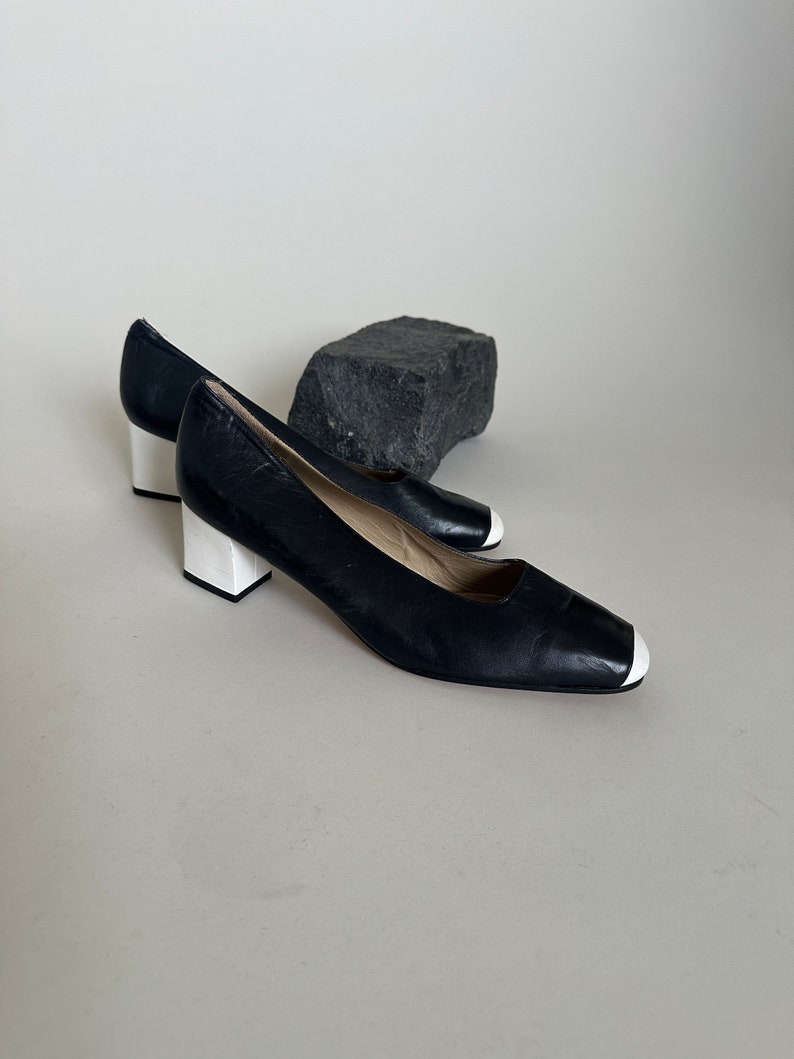 K&ouml;nnte beinhalten: Ein Paar schwarze Lederschuhe mit Absatz und wei&szlig;en Verzierungen an Zehen und Absatz.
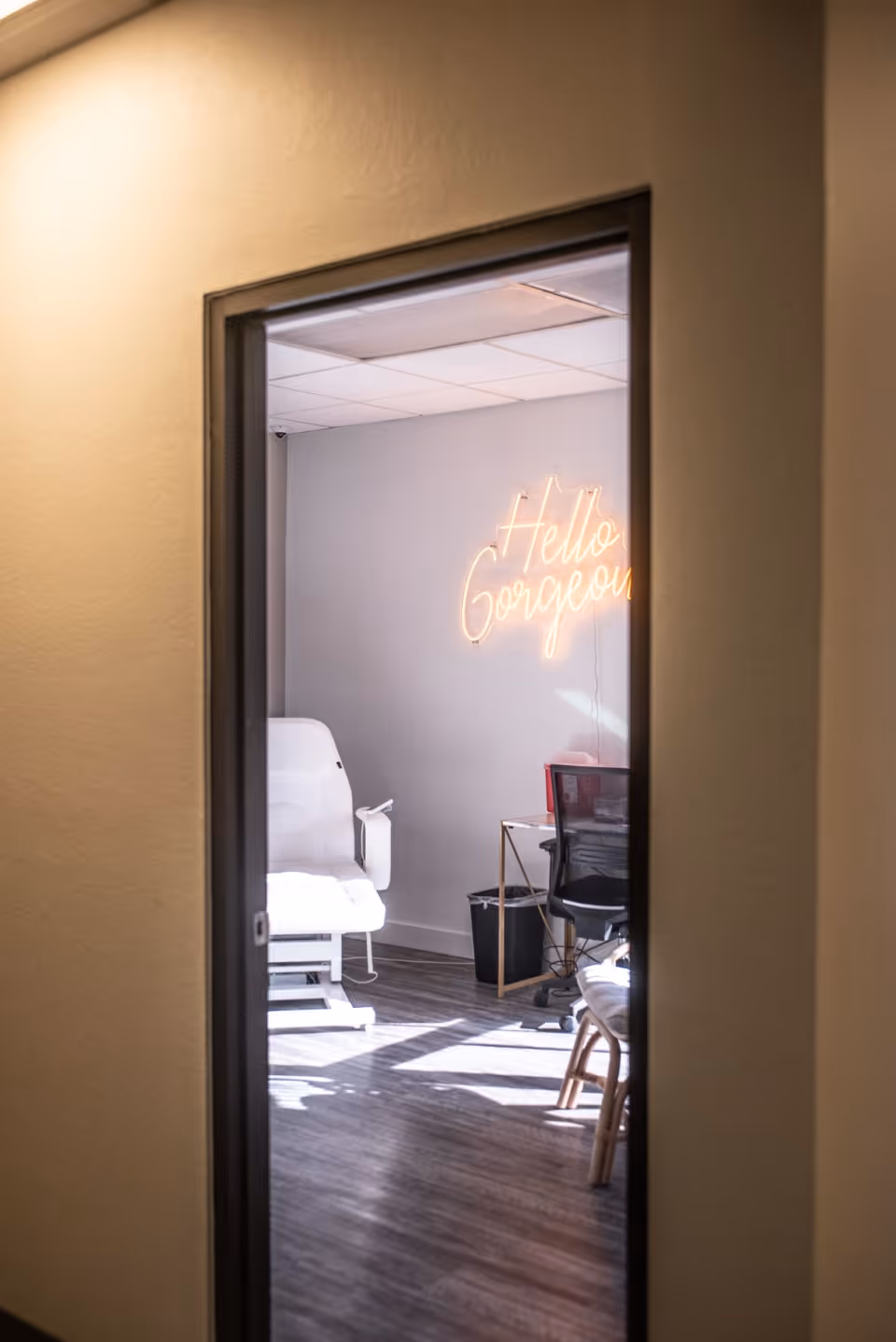 View through doorway of a treatment room featuring a neon Hello Gorgeous sign, chair, and desk.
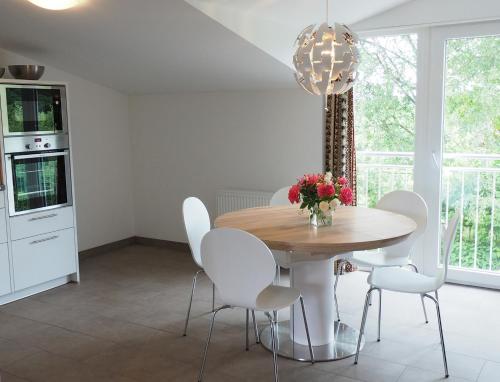 une salle à manger avec une table en bois et des chaises blanches dans l'établissement Urlaub im Alten Apfelgarten - Ferienwohnung Kastanienterrasse, à Sörup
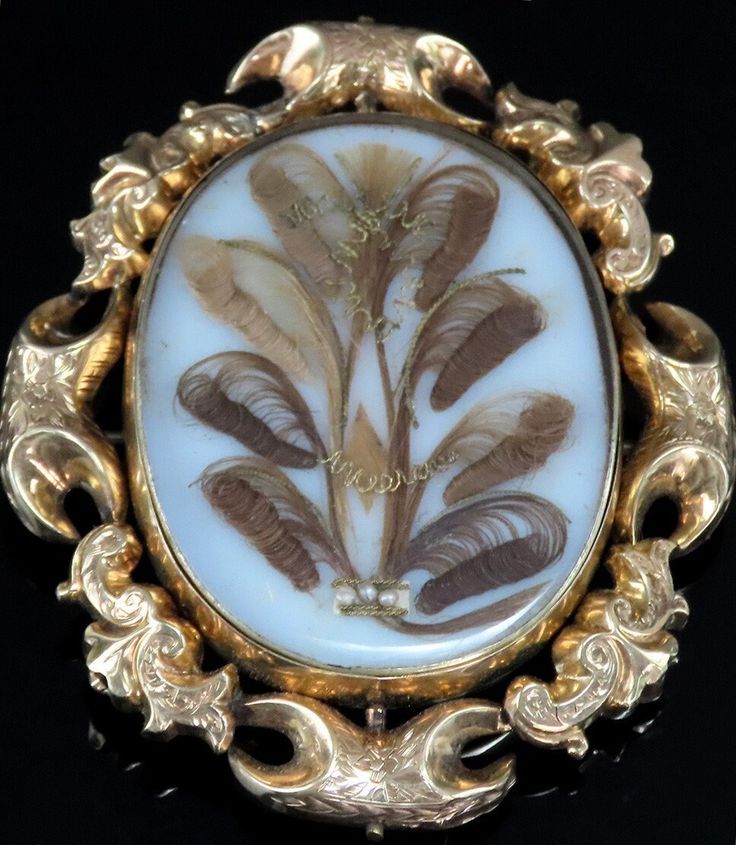 Presented is a neat antique Victorian low karat gold memorial pin or brooch. This is an American piece, dating to circa 1845-1865. The pin is oval in form, with finely done hair work decoration on one side, along with tiny seed pearls and gold wire. The other side has an old photograph of two girls in prominent hats. The oval center portion with the hair/photograph rotates in place when the pin back is opened, so it can be worn with either side displayed. The gold frame is ornate and nicely hand Victorian Gold, Seed Pearl, Two Girls, Gold Wire, Hand Engraving, Antique Victorian, Pin Brooch, Vintage Watches, Gold Frame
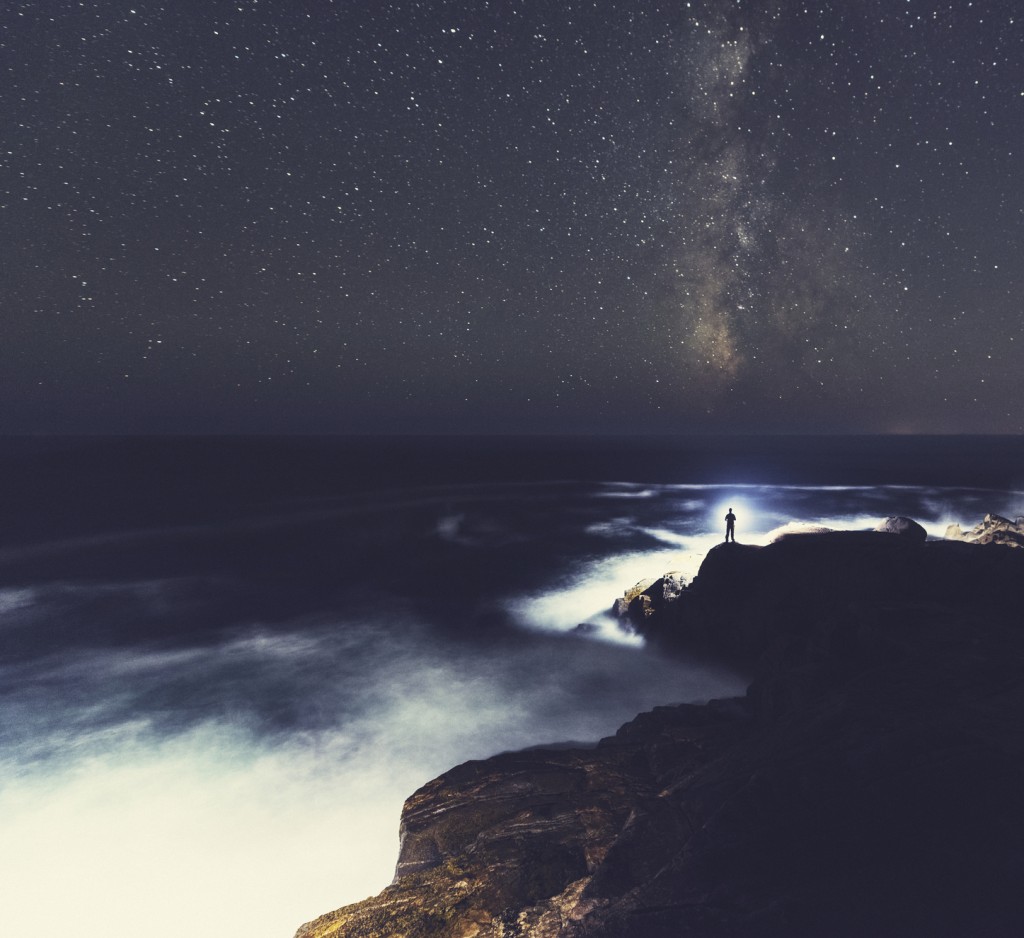 A man stands at the edge of a cliff shining a bright light out into the Atlantic while the Milky Way arcs high above.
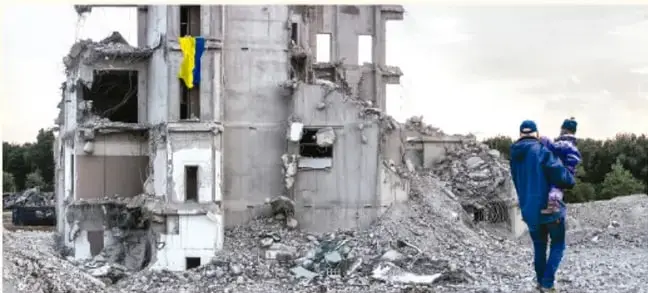 Fotografía de un edificio destruido por la guerra; en la fachada ondea una bandera de Ucrania (azul y amarillo) y dos personas con ropa de invierno caminan entre los escombros.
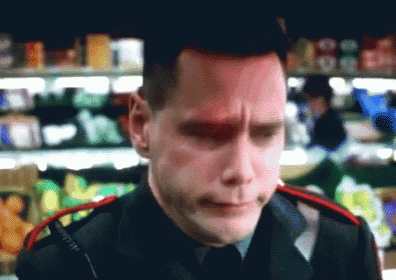 a man with a red spot on his forehead looks at something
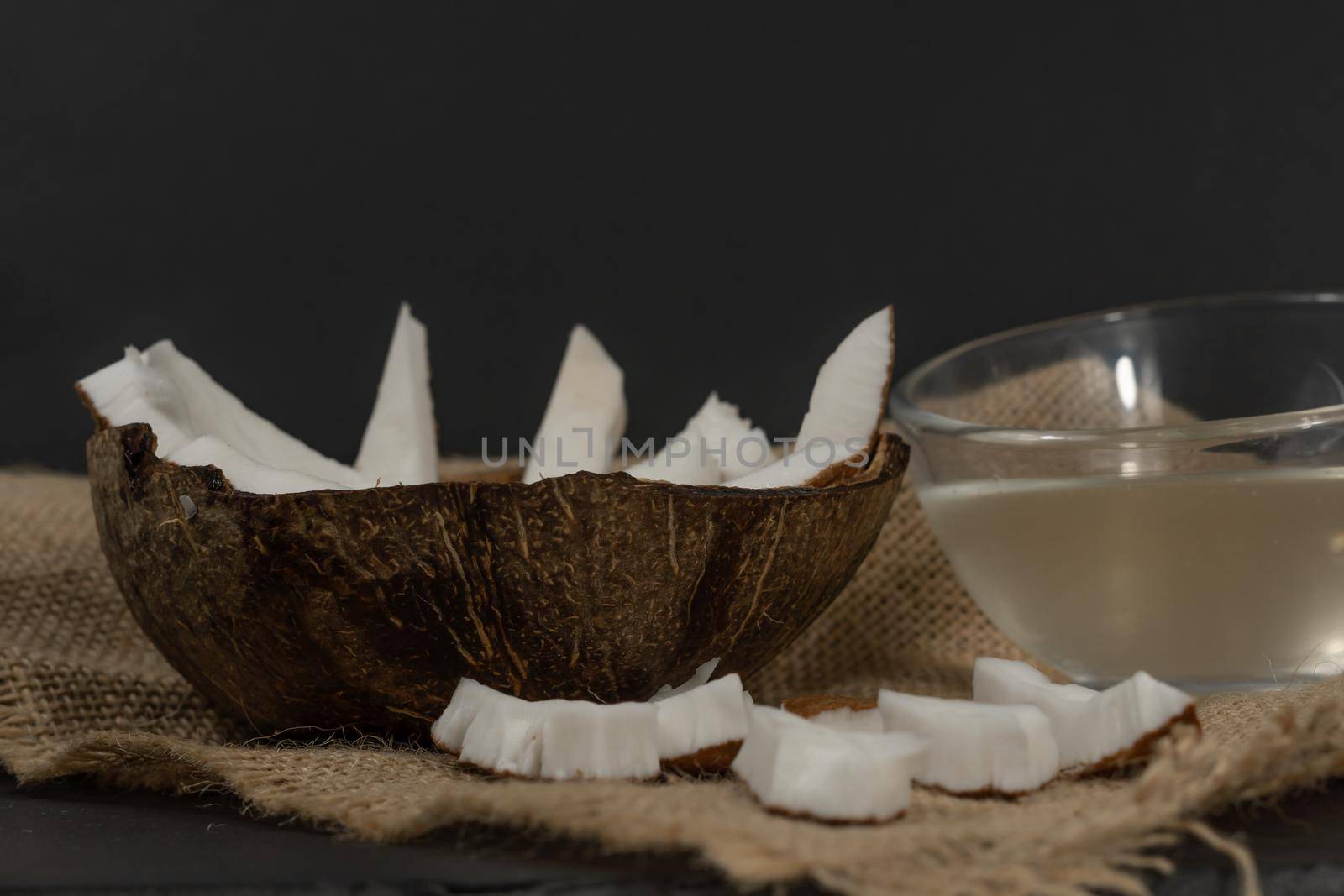 fresh coconut on black background by joseantona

WHAT THE TASK REQUIRES:
The lines to be quoted run from the line containing "a man with a" through the end of the entries above, both included; quote them exactly and leave out any pictures.

RESPONSE TO THE TASK:
 a man with a red spot on his forehead looks at something
 fresh coconut on black background by joseantona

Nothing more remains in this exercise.